DETAILED DESCRIPTION OF THE INVENTION
[0033] FIG. 1 is a perspective plan view of a preferred embodiment
for a physical security system 100 according to a preferred
embodiment. Security system 100 is designed to inhibit theft of a
portable device 105 through physical detention by localizing the
portable device to a predetermined locale. Portable device 105 may
be, for example, a laptop computer, personal digital assistant
(PDA), MP3 player or other valuable or difficult to replace item.
Portable device 105 is preferably equipped, during manufacture or
retrofit, with a standard security slot 110 having dimensions of
about 3 mm by about 7 mm, and adaptable to a portion of a wall of a
housing of portable device defining slot 110.
[0034] Security system 100 includes an interface element 115 that
engages security slot 110 and typically includes a locked
configuration and an unlocked configuration. In the unlocked
configuration, interface element 115 is engageable with and
disengageable from slot 110. In the locked configuration, interface
element 115 resists disengagement from slot 110. A locking system,
either keyed, combination, or physical interlocking depending upon
the application and design considerations may be used to maintain
interface element 115 in the locked configuration until a user
desires to disengage security system 100.
[0035] Security system 100 includes a localizer 120 coupled to
interface element 115. Localizer 120 is typically a cable or other
physical attachment system that is designed to be associated with
an object 125 that is not part of portable device 105. The
association of localizer 120 with object 125 constrains movement of
portable device 105 within a predetermined distance of object 125.
In other embodiments, localizer 125 may be a wireless/electronic
solution such as, for example, inventory control tags used in many
retail stores. Security slot 110 is desirably placed so as to not
interfere with operation of portable device 105.
[0036] For the embodiments described herein, the localization and
the retention of interface element 115 in a locking configuration
are generally secondary considerations. While very important to
actual use of these devices as an anti-theft deterrent, there are
many known ways of implementing localization and maintenance of
mechanical interrelationships (i.e., holding locking elements into
a desired relationship such as for example the key, the
combination, the physical cable interlock solutions) that the
primary focus of the following description is on the manner of the
engagement of interface element 115 to security slot 110.

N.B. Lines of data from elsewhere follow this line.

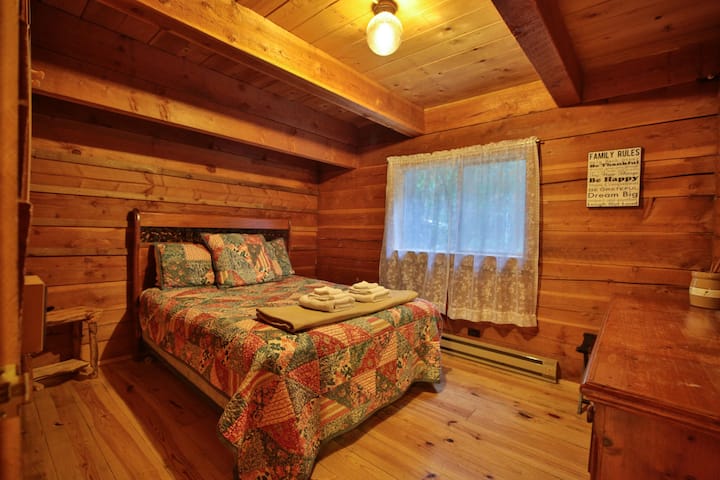 غرفة النوم 1:  سرير بحجم كبير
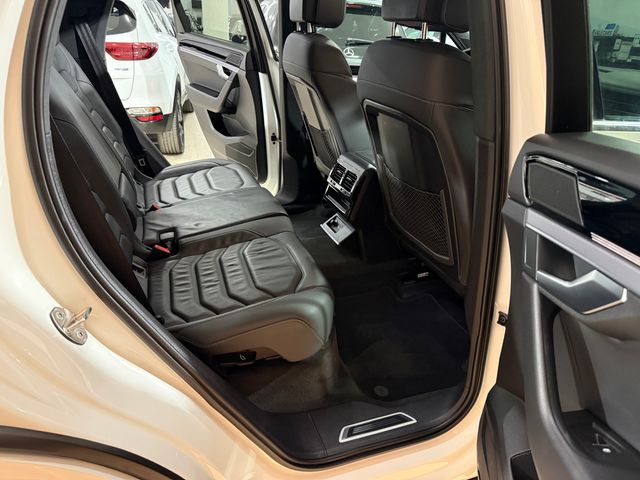 Volkswagen Touareg 2021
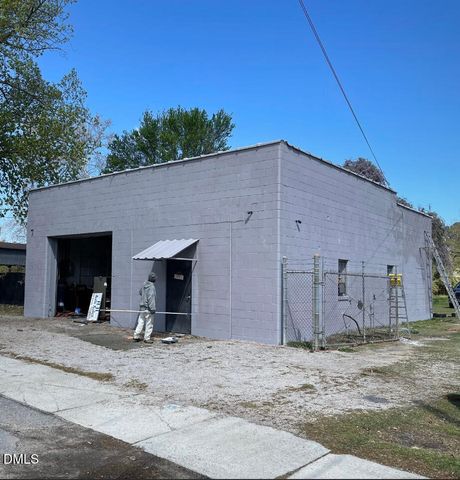 213 E Main Street, Fremont, NC 27830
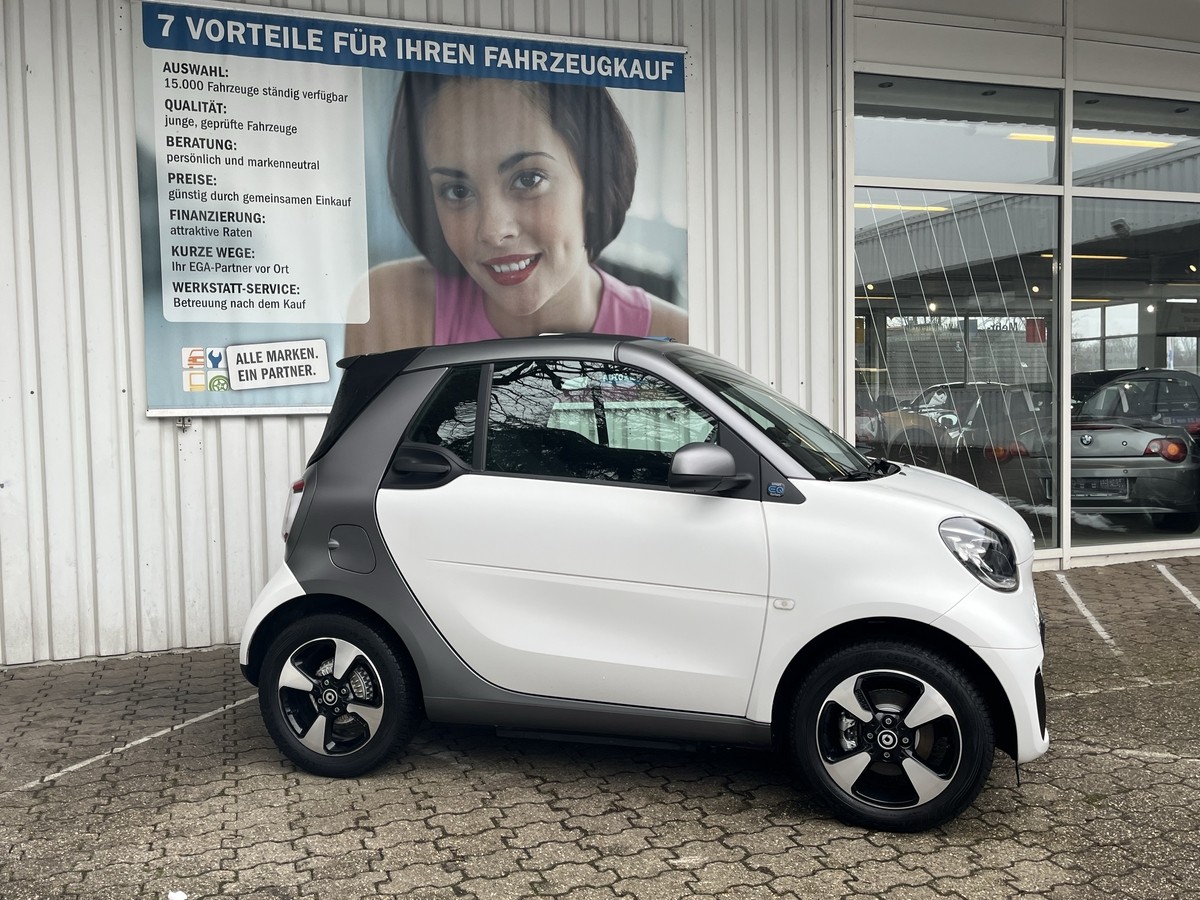 Smart ForTwo EQ cabrio*EXCLUSIVE*JBL*CAM*MEDIA*ALLW*LED*SHZ*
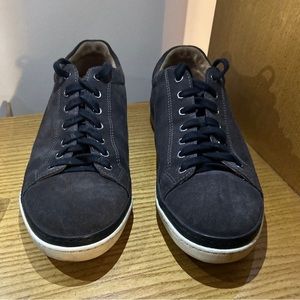 Allen Edmond leather sneaker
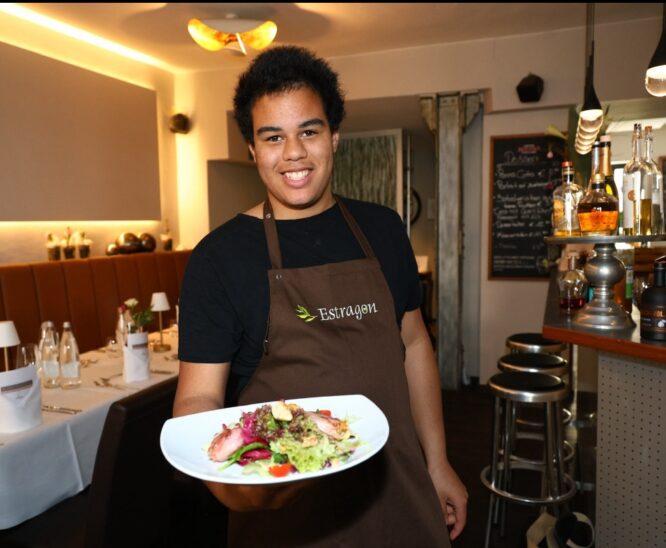 Tische eindecken, ein Drei-Gänge-Menü vorbereiten, kochen und servieren: Junge Menschen mit kognitiver Beeinträchtigung zeigten, wie es geht.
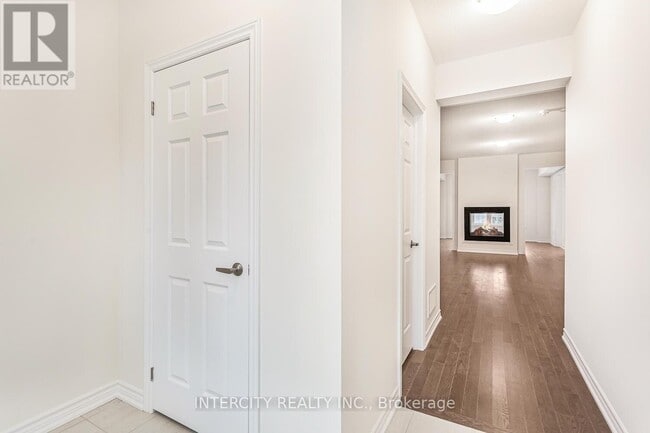 Building Photo - 299 Fleetwood Dr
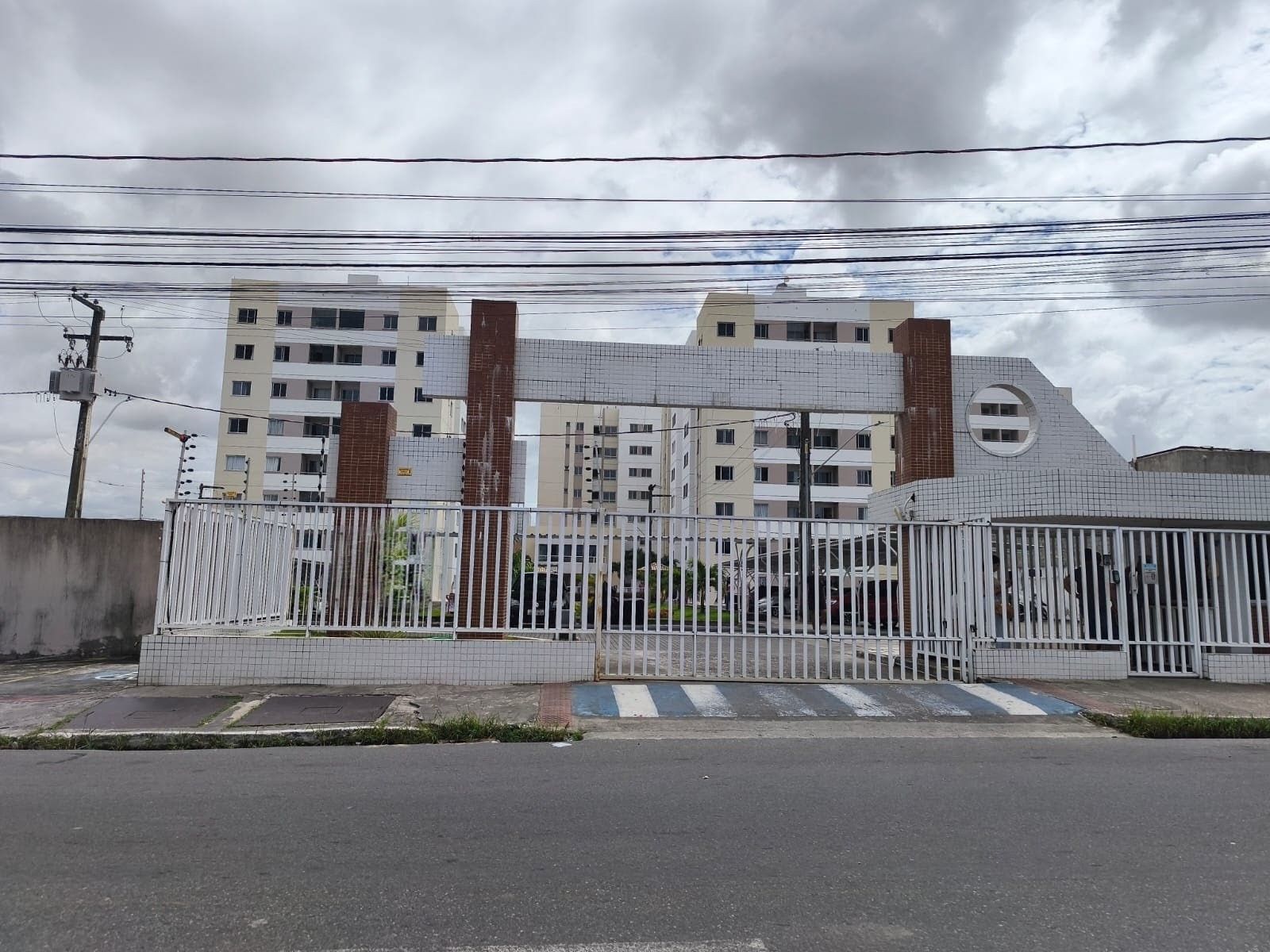 Apartamento à Venda no Jardim Centenário – Condomínio Clube por R$ 210 Mil!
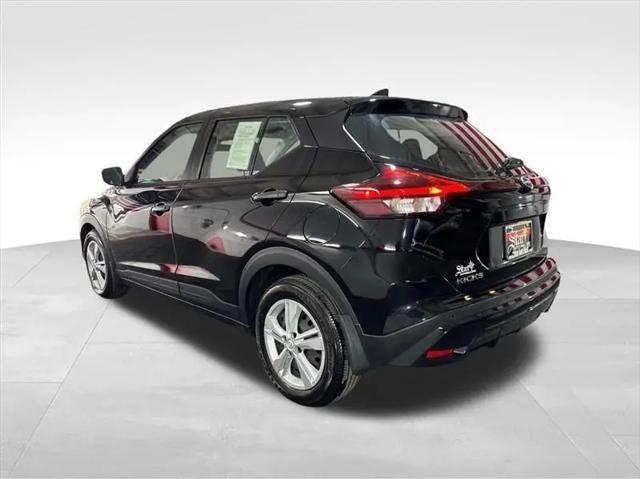 2022 Nissan Kicks S Xtronic CVT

[0037] FIG. 2 is a perspective view of a preferred embodiment for
an interface element 200 useable as interface element 115 shown in
FIG. 1 illustrated in an unlocked configuration. Interface element
200 includes two telescoping cylinders, an outside cylinder 205 and
an inside cylinder 210, and a slot engaging member 215. Slot
engaging member 215 is adapted to fit within security slot 110, and
is coupled to a base of outside cylinder 205. Outside cylinder 205
and inside cylinder 210 include pass-through apertures 220 and 225
that align when interface element 200 is in the locked
configuration shown in FIG. 3. FIG. 3 is a perspective view of
interface element 200 of FIG. 2 in the locked configuration.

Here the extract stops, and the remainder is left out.